**Prompt:** Lines to restate from the data below: from the one containing "Dolomites Mountains Dolomiti RGB Neon Sign" to the one containing "散装儿童节糖果薄荷味迷你拐杖糖雨伞柄手扙棍糖candy canes 500克", both included. Give them again exactly, and only them.

Data items
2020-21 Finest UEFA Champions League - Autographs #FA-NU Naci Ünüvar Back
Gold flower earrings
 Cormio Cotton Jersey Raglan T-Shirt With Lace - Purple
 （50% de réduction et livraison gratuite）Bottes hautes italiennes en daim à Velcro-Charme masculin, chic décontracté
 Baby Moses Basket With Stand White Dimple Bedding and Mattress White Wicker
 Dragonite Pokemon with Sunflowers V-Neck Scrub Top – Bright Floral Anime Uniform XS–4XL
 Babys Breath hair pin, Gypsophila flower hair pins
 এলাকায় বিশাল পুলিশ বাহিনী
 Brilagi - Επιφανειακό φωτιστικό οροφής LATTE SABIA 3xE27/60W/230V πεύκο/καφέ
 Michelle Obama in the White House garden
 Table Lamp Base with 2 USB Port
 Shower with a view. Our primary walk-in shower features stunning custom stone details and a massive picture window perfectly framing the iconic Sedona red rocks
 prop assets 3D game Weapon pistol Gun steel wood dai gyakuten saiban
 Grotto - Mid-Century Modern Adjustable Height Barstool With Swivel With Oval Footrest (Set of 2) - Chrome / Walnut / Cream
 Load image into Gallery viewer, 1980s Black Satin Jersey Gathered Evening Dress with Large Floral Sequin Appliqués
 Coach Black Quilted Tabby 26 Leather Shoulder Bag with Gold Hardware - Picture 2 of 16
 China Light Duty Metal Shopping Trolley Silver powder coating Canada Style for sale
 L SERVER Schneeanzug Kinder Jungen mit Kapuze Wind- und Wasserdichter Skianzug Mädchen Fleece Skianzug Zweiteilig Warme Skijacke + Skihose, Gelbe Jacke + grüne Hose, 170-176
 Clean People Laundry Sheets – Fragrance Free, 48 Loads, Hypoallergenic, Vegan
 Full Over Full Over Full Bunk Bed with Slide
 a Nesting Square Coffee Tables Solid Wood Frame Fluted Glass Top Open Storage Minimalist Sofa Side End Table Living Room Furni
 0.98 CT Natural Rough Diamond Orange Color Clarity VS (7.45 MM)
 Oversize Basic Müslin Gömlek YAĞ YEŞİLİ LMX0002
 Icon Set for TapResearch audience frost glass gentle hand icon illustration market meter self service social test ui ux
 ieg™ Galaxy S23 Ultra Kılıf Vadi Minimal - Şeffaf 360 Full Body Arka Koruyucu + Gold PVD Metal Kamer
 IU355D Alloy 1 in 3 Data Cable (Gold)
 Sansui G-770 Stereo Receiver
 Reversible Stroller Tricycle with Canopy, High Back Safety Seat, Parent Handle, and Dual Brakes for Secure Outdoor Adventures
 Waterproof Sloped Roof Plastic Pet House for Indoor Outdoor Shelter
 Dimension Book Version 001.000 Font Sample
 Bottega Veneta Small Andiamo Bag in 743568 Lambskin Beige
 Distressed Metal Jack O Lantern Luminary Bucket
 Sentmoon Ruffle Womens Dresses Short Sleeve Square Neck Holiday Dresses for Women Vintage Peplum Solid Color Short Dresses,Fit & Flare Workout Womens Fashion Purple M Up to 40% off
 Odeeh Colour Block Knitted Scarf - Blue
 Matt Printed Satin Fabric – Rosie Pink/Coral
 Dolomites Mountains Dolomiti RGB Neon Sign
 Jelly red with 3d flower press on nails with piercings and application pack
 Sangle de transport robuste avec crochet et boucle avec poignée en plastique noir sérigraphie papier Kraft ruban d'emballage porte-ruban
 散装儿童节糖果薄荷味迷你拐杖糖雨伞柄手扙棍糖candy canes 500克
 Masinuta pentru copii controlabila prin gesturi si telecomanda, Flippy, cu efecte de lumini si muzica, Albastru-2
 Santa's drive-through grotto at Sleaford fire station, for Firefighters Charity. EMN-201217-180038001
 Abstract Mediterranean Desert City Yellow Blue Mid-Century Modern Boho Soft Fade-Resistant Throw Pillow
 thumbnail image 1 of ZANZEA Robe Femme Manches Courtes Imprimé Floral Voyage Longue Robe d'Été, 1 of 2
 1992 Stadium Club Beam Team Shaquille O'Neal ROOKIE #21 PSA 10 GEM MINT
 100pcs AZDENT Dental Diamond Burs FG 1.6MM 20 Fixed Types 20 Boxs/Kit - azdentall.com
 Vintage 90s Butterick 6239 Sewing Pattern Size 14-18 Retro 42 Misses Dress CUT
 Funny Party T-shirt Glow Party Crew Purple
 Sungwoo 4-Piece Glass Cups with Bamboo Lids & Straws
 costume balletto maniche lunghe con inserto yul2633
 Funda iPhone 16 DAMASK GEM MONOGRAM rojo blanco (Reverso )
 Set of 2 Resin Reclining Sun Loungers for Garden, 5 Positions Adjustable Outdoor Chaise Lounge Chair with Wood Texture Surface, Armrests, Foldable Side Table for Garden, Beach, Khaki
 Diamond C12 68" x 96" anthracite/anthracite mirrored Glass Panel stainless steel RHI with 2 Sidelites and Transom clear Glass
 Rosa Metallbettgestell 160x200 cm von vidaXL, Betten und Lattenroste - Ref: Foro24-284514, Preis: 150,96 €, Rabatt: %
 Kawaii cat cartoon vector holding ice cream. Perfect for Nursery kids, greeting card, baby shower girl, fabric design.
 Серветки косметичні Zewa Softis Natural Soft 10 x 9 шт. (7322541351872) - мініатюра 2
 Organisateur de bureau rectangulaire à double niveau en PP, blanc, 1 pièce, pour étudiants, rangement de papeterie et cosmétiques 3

**Answer space:**
 Dolomites Mountains Dolomiti RGB Neon Sign
 Jelly red with 3d flower press on nails with piercings and application pack
 Sangle de transport robuste avec crochet et boucle avec poignée en plastique noir sérigraphie papier Kraft ruban d'emballage porte-ruban
 散装儿童节糖果薄荷味迷你拐杖糖雨伞柄手扙棍糖candy canes 500克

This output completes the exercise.